Data Management Solutions - Malgukke Computing

The Challenge of Data Gravity

Computing is fast, but moving data is slow. If you have 5 Petabytes of simulation data, you cannot simply "copy-paste" it—it would take months. Effective Data Management is about Tiering (placing data on the right hardware at the right time) and Governance (ensuring searchability and compliance).

1. The Architecture: The Storage Layer Cake

Tier 0: Scratch (Formula 1)

Hardware: NVMe / All-Flash. Extreme speed (100GB/s+). Used only for active simulations; files are ephemeral and deleted after 30 days.

Tier 1: Project (Family Van)

Hardware: SAS SSDs or Fast HDDs. Persistent storage for code, scripts, and active research results.

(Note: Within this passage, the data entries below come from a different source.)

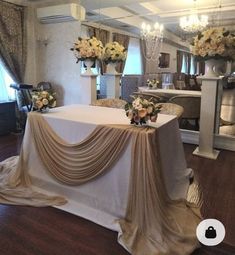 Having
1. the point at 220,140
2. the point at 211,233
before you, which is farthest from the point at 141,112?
the point at 220,140

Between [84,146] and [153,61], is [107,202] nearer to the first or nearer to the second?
[84,146]

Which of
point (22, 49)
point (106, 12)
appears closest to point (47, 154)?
point (22, 49)

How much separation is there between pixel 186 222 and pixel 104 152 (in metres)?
0.92

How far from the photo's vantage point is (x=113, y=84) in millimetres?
4445

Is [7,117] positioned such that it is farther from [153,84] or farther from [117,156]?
[117,156]

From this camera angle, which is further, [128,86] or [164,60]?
[164,60]

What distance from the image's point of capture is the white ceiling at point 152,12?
4.70 metres

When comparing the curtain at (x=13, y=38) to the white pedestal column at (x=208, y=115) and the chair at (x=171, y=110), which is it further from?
the white pedestal column at (x=208, y=115)

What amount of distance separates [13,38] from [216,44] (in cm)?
394

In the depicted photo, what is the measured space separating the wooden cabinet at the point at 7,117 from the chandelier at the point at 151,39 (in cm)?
313

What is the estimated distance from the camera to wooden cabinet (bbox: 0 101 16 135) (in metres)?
4.78

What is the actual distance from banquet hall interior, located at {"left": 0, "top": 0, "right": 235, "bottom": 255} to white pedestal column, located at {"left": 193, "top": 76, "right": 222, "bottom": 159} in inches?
0.6

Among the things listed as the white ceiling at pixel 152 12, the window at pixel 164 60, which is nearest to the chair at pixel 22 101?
the white ceiling at pixel 152 12

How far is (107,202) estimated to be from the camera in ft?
7.37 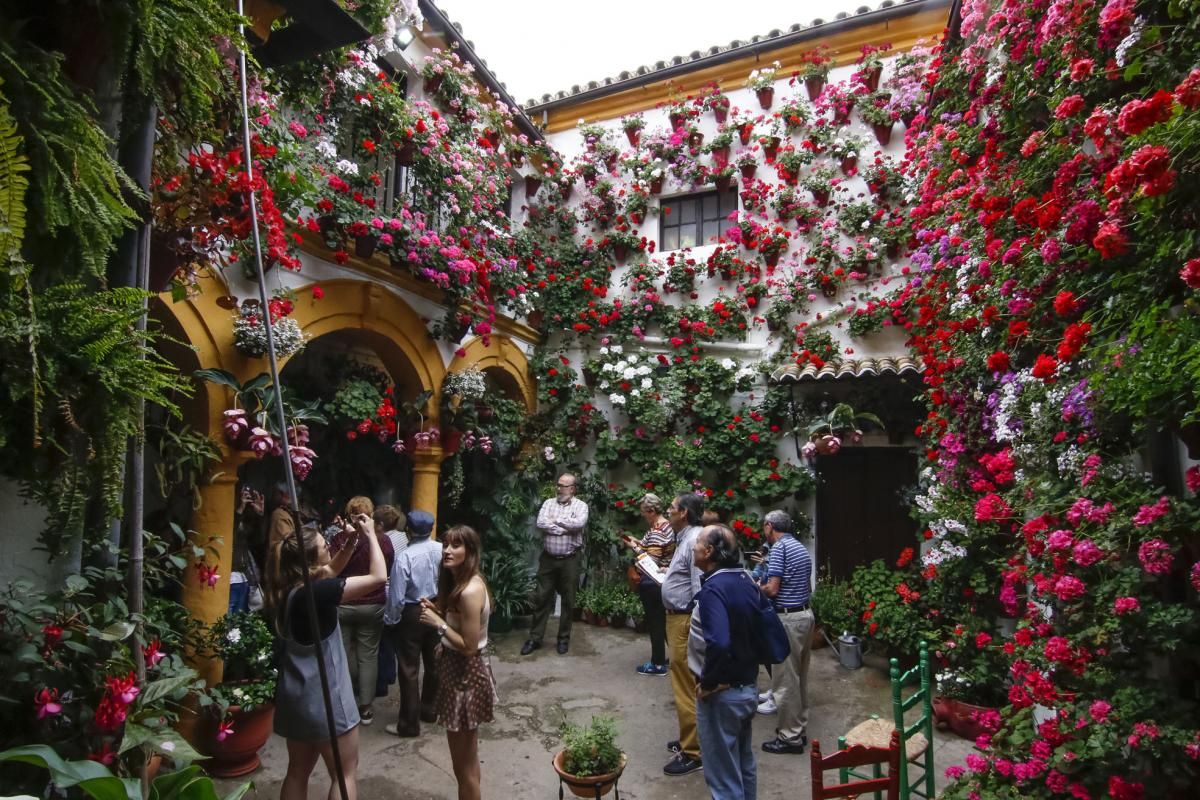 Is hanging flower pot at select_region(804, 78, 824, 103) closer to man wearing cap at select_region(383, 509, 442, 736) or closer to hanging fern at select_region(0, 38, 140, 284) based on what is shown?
man wearing cap at select_region(383, 509, 442, 736)

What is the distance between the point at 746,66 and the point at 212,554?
28.8 feet

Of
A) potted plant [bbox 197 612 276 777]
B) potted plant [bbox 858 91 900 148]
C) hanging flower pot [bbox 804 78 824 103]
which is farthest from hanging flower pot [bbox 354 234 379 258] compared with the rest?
potted plant [bbox 858 91 900 148]

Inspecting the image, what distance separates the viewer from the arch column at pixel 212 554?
4539 millimetres

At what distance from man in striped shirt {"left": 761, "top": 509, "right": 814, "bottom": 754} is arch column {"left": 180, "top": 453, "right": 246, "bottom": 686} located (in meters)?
3.89

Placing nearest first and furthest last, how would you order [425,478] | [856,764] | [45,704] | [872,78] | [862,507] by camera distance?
[45,704], [856,764], [425,478], [862,507], [872,78]

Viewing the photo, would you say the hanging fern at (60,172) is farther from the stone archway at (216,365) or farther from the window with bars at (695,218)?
the window with bars at (695,218)

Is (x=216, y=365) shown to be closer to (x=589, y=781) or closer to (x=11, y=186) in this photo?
(x=11, y=186)

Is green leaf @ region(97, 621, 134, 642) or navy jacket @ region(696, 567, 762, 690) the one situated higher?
green leaf @ region(97, 621, 134, 642)

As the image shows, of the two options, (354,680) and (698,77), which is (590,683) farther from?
(698,77)

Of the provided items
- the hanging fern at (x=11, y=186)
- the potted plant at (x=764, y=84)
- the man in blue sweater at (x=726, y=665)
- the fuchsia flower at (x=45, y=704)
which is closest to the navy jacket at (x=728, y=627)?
the man in blue sweater at (x=726, y=665)

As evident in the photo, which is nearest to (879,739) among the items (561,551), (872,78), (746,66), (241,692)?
(241,692)

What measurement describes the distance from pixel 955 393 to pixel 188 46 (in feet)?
17.0

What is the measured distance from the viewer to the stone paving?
421cm

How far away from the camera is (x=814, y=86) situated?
28.5 feet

Backed up daily.

Tier 2: Archive (Cargo Ship)

Hardware: LTO Tape or S3 Object Storage. Slow but cheap. Designed for long-term compliance (10+ years) and cold data.

Hierarchical Storage Management (HSM)

Managing petabytes manually is impossible. HSM Software automates the data flow based on rules:

"If a file hasn't been opened in 90 days, move it from Flash to Tape, but keep a pointer so it stays visible in the folder."

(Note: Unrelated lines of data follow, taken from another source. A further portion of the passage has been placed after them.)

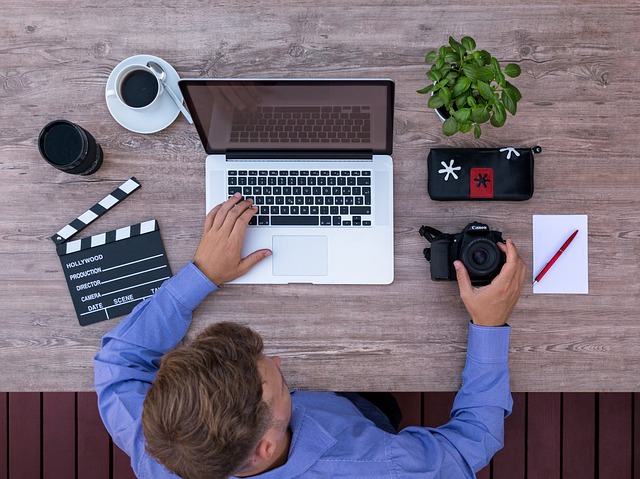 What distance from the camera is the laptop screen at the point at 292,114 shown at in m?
0.78

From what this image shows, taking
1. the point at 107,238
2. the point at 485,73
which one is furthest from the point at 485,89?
the point at 107,238

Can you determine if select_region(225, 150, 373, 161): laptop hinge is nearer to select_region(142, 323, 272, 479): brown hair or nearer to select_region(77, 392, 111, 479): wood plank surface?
select_region(142, 323, 272, 479): brown hair

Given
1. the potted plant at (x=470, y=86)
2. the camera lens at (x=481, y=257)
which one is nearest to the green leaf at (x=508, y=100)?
the potted plant at (x=470, y=86)

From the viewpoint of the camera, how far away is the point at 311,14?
96 centimetres

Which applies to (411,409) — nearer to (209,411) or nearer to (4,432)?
(209,411)

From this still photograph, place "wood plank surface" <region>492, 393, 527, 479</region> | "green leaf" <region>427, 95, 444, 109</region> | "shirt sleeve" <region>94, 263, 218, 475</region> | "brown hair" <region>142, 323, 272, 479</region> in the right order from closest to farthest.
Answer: "brown hair" <region>142, 323, 272, 479</region>, "green leaf" <region>427, 95, 444, 109</region>, "shirt sleeve" <region>94, 263, 218, 475</region>, "wood plank surface" <region>492, 393, 527, 479</region>

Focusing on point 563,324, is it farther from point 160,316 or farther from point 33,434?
point 33,434

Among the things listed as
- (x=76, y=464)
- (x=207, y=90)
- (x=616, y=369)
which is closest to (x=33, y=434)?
(x=76, y=464)

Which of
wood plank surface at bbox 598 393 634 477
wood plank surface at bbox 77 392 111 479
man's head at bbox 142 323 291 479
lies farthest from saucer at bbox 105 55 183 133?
wood plank surface at bbox 598 393 634 477

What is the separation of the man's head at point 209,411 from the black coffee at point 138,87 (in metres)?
0.50

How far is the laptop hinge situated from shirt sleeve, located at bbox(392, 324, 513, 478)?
0.38 meters

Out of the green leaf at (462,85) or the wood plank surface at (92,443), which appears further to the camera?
the wood plank surface at (92,443)

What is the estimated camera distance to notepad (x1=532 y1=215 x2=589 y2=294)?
935 mm

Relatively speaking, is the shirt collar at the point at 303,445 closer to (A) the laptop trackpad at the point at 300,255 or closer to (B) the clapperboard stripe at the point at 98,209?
(A) the laptop trackpad at the point at 300,255
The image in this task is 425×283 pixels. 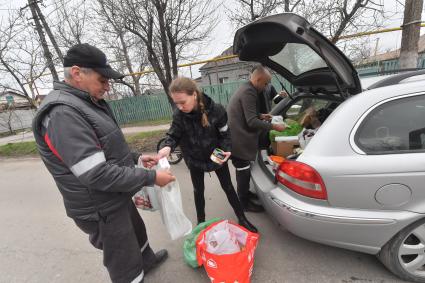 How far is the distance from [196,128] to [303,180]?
987 millimetres

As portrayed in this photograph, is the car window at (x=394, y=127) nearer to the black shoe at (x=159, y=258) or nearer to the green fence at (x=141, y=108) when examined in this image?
the black shoe at (x=159, y=258)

When a user clicks an archived file, the robotic arm in the tape library automatically retrieves it. The user gets the data with a small delay, but the expensive flash remains empty for active science.

Data Governance: Finding the Needle

Metadata Tagging

Standard file systems are blind. We use iRODS to wrap every file in metadata. The system doesn't just see results.dat; it knows the PI, the project ID, the grant number, and the simulation parameters.

The FAIR Principles

We ensure your data is:

Findable
Accessible
Interoperable
Reusable

Data Management Toolset

Category	Tool	Usage
Data Movement	Globus	Secure, reliable transfer of massive datasets between institutions with auto-retry.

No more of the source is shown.